Two weeks ago the elastic in my favourite red one-piece turned to custard. Literally. After Lucy's swimming lesson I lifted her out of the pool, pulled myself out as gracefully as I could and headed towards our towels, only to discover that the front of my swimmers were swinging past my hips like a prolapse. Not. Good.

Timing wise, it wasn't the best time for the old cossie to pack it in. It was the last week of August, and therefore Winter. Finding ANY kind of swimwear at this time of year is almost impossible. Two weeks into September I'd be slightly better off, but the choices were few and far between. I went everywhere, I really did. And I tried on everything. With a two year old in tow. It was a laugh a minute. But the hardest part wasn't the lack of choice. It was the lack of the essential items required for a swimwear-ready body:

Tan (real or fake)



Soft lighting (Myer tends to frown on BYO candles in their change rooms. Go figure.)


Personal retoucher.

I am only half joking about these, and while I don't actually hate my body, like most women I am acutely aware of its flaws, be they real or perceived. Thing is, when we put on our swimmers and venture forth, apart from a thin piece of Lycra to cover our private bits, we are basically naked. And when it's Summertime and hot, and we're all on the beach and everyone's happy and summery and has attended to a few of the above, it's happy days and who cares. But with the exception of Miranda Kerr and that incredibly hot woman in the new Seafolly campaign, who has a body they'd be happy to see in a swimsuit at the very end of Winter? Hands up!

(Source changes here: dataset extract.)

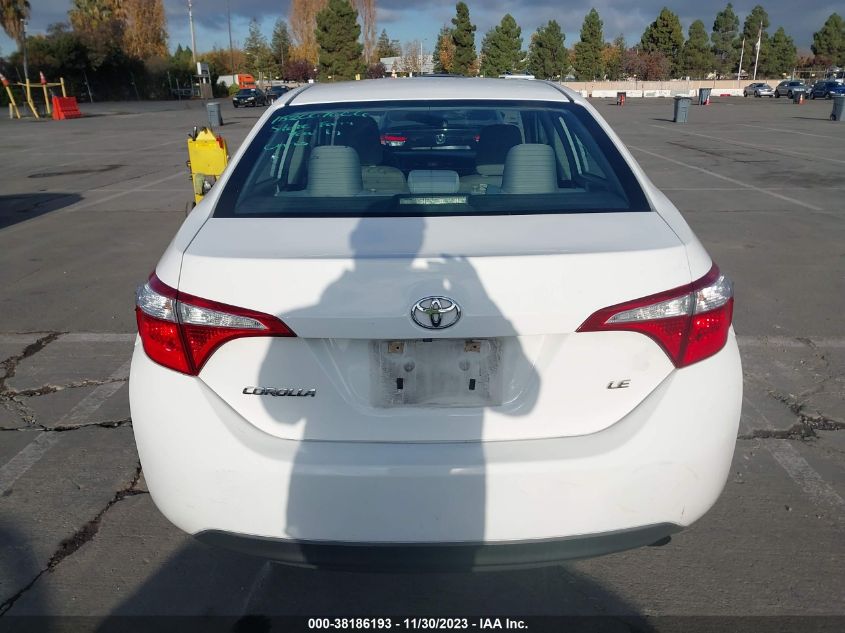 2014 Toyota Corolla Le VIN: 5YFBURHE9EP094409 Lot: 40261611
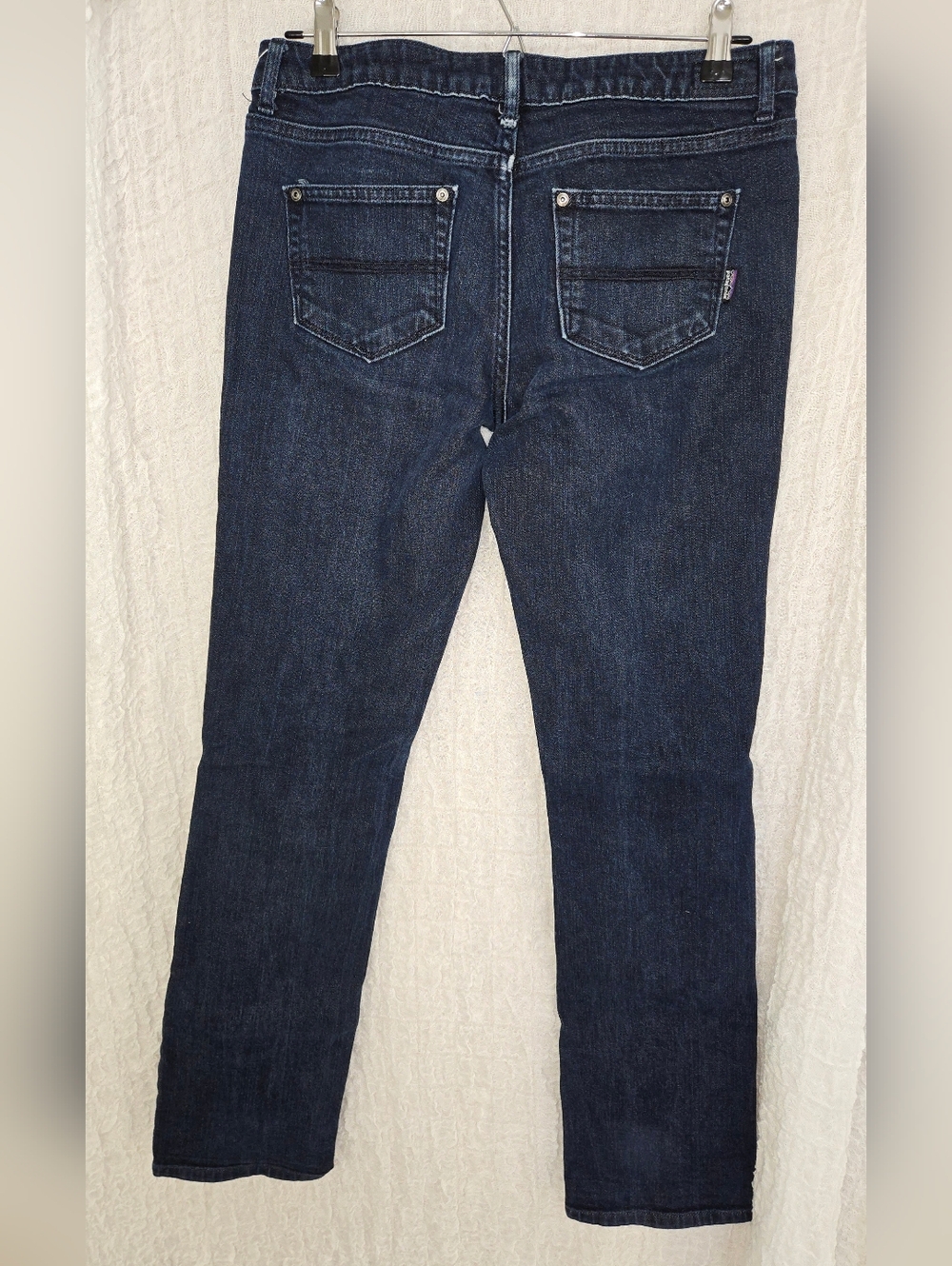 Size 30 Patagonia Dark Indigo Straight Leg‎ Women's Jeans - Picture 2 of 6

While I was tempted to buy one of those fabulously modest birkinis just to cover up the multitude of sins I've been able to hide over winter (especially as the elastic headed lower and lower in my old swimmers), I decided on a forgiving tankini from Tar-jay for our weekly dunking in chlorine at swim school. I also bought a Jets one piece with an invisible in-built strapless bra thingy to make my boobs salute the sun when we go on holidays. It's all false advertising and I won't be doing star jumps in it, but by golly the girls look perky.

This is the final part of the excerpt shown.